Yesterday I got into an argument with a friend over the whole reading-as-entertainment thing. Since I've had this same argument before with this same friend, you'd think I'd know better. Not so. We just keep going at it. His shtick runs like this: "The basic job of a writer is to entertain. Anything added to that is just gravy."
Leaving aside the whole question of the cliched and dubious metaphor, this has never made much sense to me, because "entertain" is such such a vague word. What I find entertaining, you may not. Readers of Michael Chabon are unlikely to be reading Fern Michaels, and vice-versa.
But then I decided to think this through a bit more. Are there any similarities -- not so much between Chabon and Michaels as among their readers, in any terms at all? I decided there are. Both sets of readers want to know what happens next to characters in situations in which the reader has become interested. That's the commonality.

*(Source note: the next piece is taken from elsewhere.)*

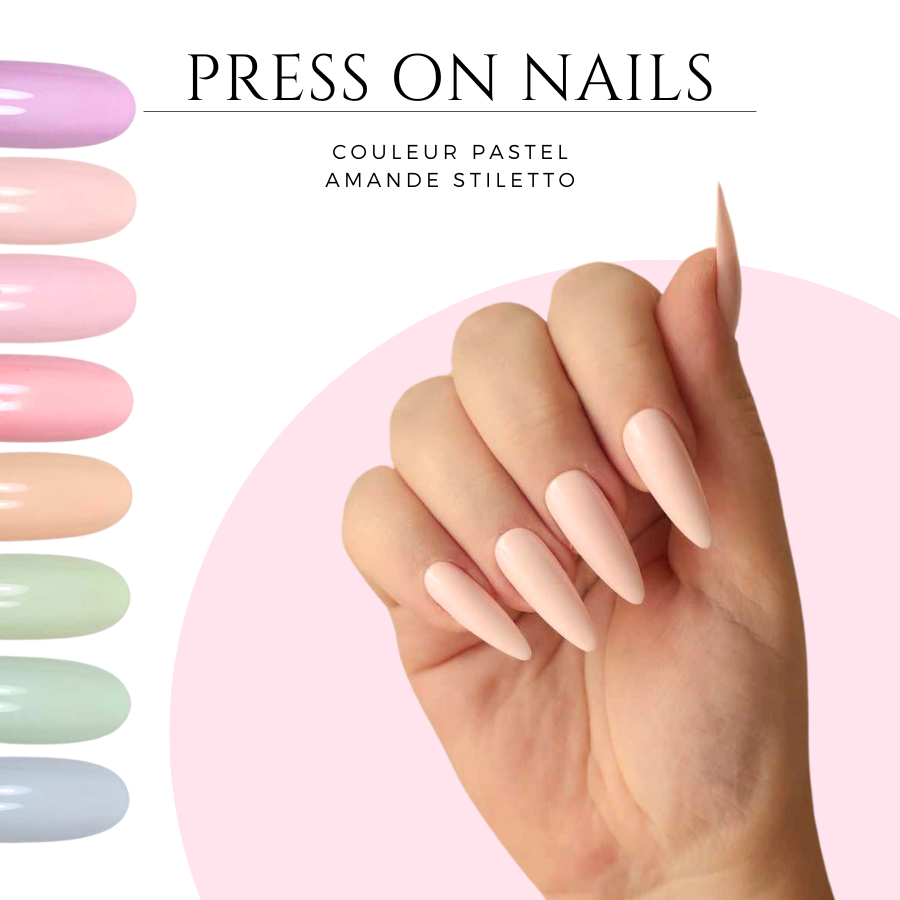Press-on-nails-amande-Faux-ongles-pointu-Press-on-stiletto-longue-pastel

Even with this extremely broad generality, however, there are going to be people who disagree. The late John Gardner, in one of his books on writing (and I can't remember which one), said that what happens in a "plot" (the quotes are his) is unimportant. What matters is how it happens, and in what words. Thus, Gardner argued for just getting all the facts on the table upfront, up to and including the ending, to get it all out of the way.
I can't agree with him. I think people read The Yiddish Policeman's Union to find out who killed Emmanuel Lasker and what will happen to the provisional Jewish state in Alaska. I think they read Childhood's End to find out what the Overlords do to, and for, Earth. I think they read "Cinderella" to see if Cindy gets to go to the ball. And when a book or story fails, three-quarters of the time it's because the writer has not raised compelling enough questions that readers want to find out the answers to. That's "entertainment," whether it takes place on the tundra or on Mars. Whether it has a lot of action or none, a happy ending or not, sympathetic characters or not. Whether (although I hate to say this) the writing is good or not.
For better or worse, it's all about the dramatic questions.